It is impossible to watch Diana Taurasi, the best player in the WNBA, probably the best women’s player in the world, and not feel the fire burning through your television. Few women – heck, few men – play with what seems like an intense, pulsing glow radiating across the court.

It is also impossible for Diana Taurasi to turn off her fervor. There is no switch, nothing to trip her mind, to tell her basketball is over for the day and it is time to settle down. Instead the pulsing continues. Did she have a good practice? Was she productive? Will she be productive tomorrow?

Will she win? She must always win.

“I think about it 24 hours a day,” she says. “I feel like Bobby Fischer a little bit.”

Diana Taurasi's banishment from a Turkish team prompted her to relax.
(Getty Images)

For all those who mock the WNBA, who think the league that begins its 15th season Friday lacks the seriousness of the NBA, perhaps they have never watched the guard from the Phoenix Mercury, never seen her take charge of a night, careening through the lane to score basket after basket when her teams needs them most.

Every day there is someone to sway – a coach, a teammate an opponent – even after they’ve all acknowledged that she’s probably the best ever.

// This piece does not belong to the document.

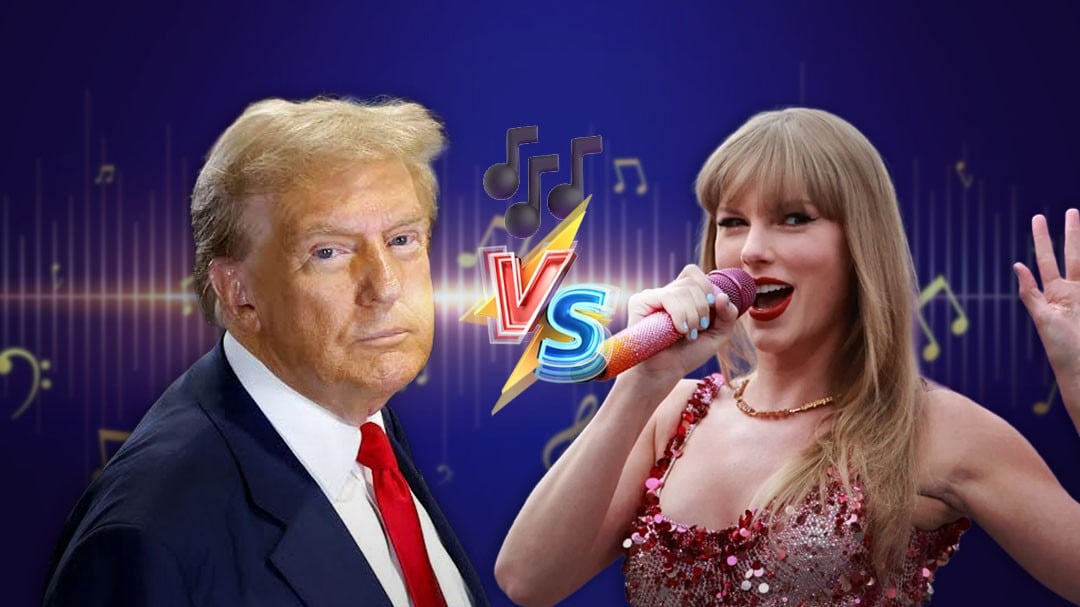 Taylor Swift retira sus canciones de videos de Donald Trump en TikTok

Their affirmations aren’t enough. She has to show them, show herself, tell them the extra 20 minutes of lifting weights, the extra jump shots, the running was worth it, that somehow in the day she is making herself or someone better. Slowing is so hard.

Only this winter she had to stop. The Turkish team for whom she was playing last winter dropped her after she tested positive for a mild stimulant called modafinil. She vehemently denied the allegations, even taking a polygraph test to establish her innocence. Her protestations were so strong, the Mercury’s general manager, Ann Meyers-Drysdale (who was something of the Taurasi of her day), believed her player immediately. Perhaps a part of Taurasi’s intensity is the fact she had never lied to the team in the past, and it seemed hard to believe she would now.

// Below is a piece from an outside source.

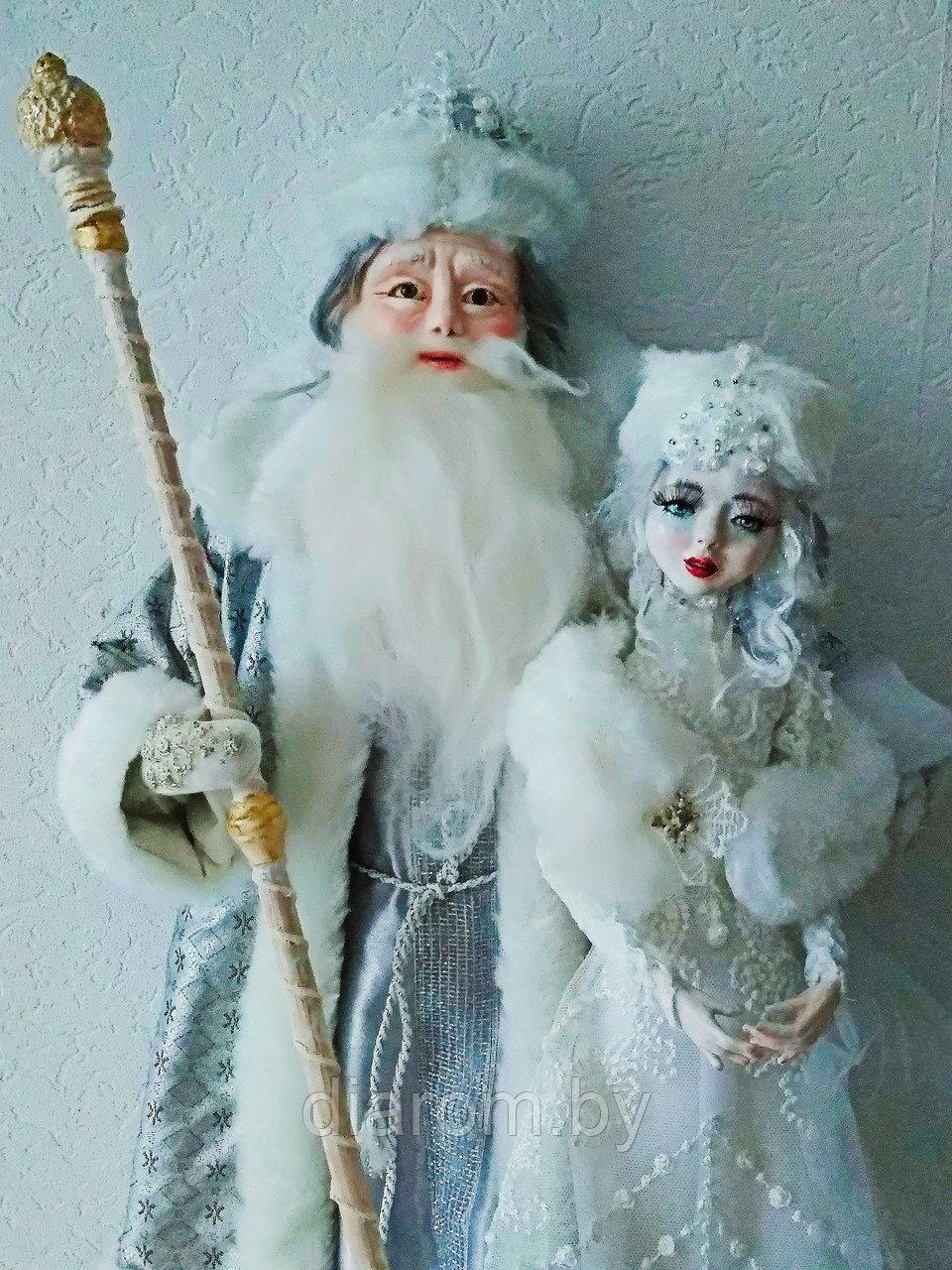 Авторские куклы Дед мороз и Снегурочка - фото 3 - id-p192850965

It was only after Taurasi returned to the United States that word came down: The testing company had made a mistake. There had been no positive test. There hadn’t been a stimulant. As if she needed anything more to drive her on the court. This week, the World Anti Doping Agency suspended accreditation for the testing company for six months, as much a validation that Taurasi was telling the truth as any.

But her banishment from the Turkish team also brought a strange but welcome benefit. It prompted her to relax.

She never had time away from basketball before. While playing at the University of Connecticut, there were always summer teams, national teams, tournaments in which to play. Her first four years in the WNBA she’d play the summer-fall league season in the U.S. and then go to Russia to play professionally through the winter and early spring. Add in the Olympics and World Championships and she was exhausted.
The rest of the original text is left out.